Ignoring the pictures, copy the data exactly.

• DATA BLOCK

>>>>>

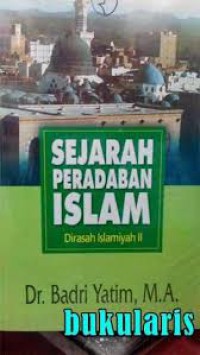 Sejarah peradaban islam: dirasah islamiyah II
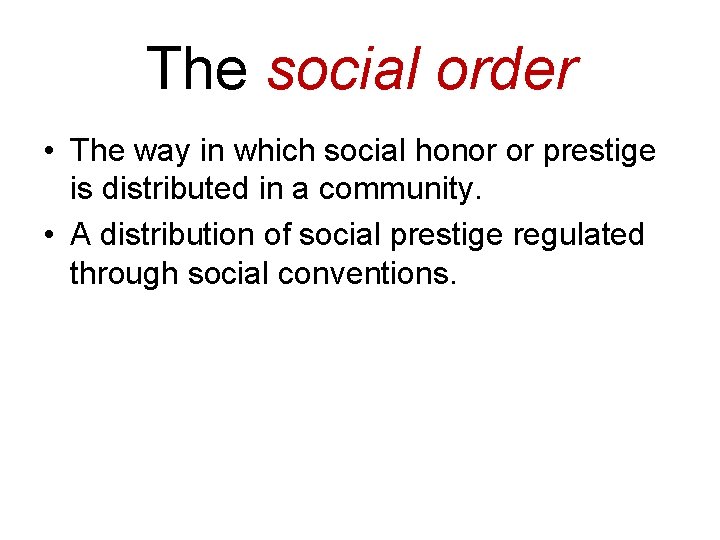 The social order • The way in which social honor or prestige is distributed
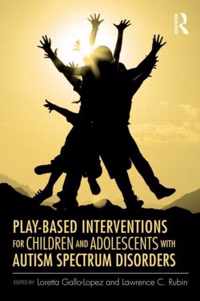 Play-Based Interventions For Children And Adolescents With A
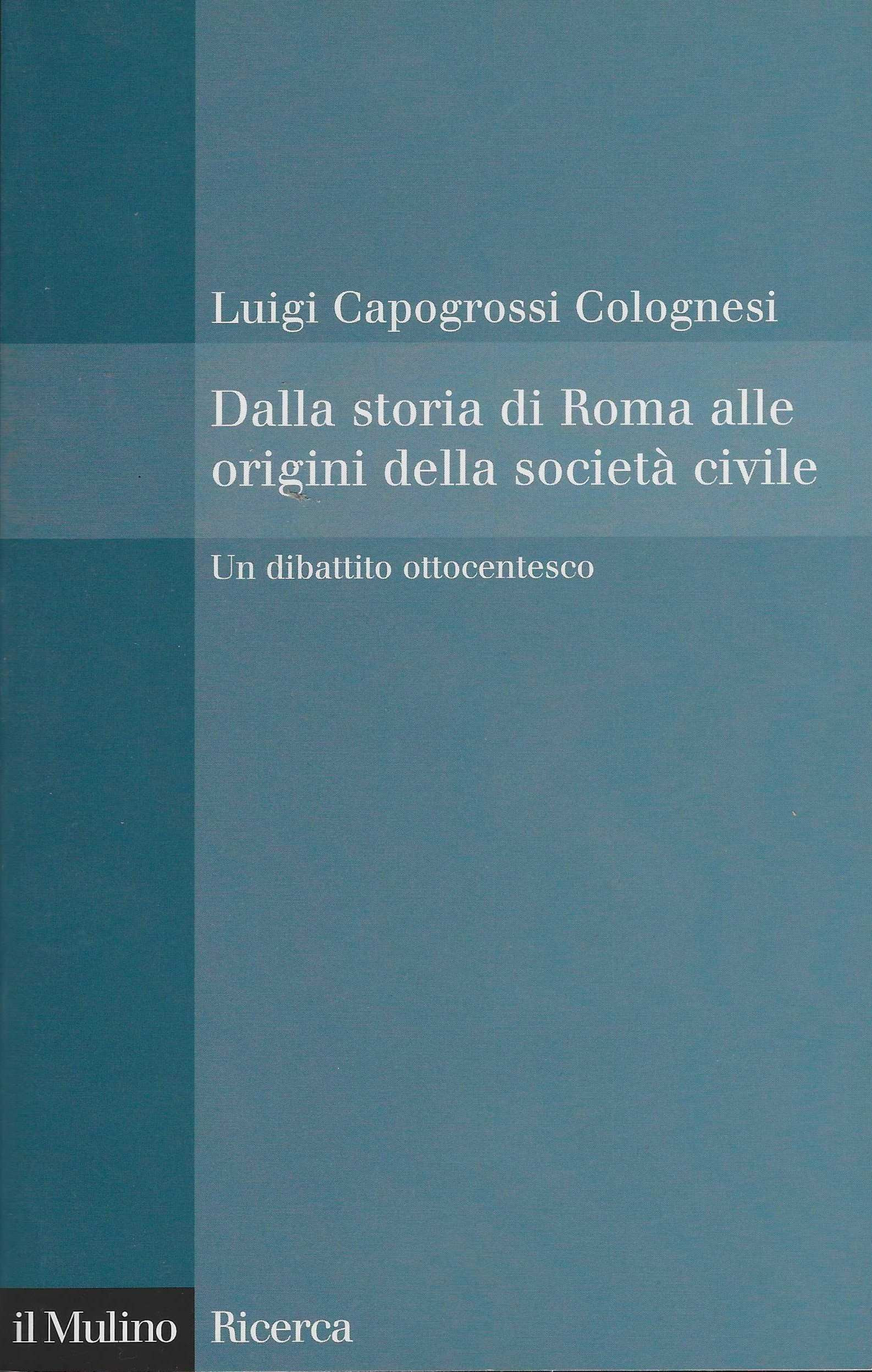 Dalla storia di Roma alle origini della società civile. Un …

<<<<<

• ANSWER SPACE
 Sejarah peradaban islam: dirasah islamiyah II
 The social order • The way in which social honor or prestige is distributed
 Play-Based Interventions For Children And Adolescents With A
 Dalla storia di Roma alle origini della società civile. Un …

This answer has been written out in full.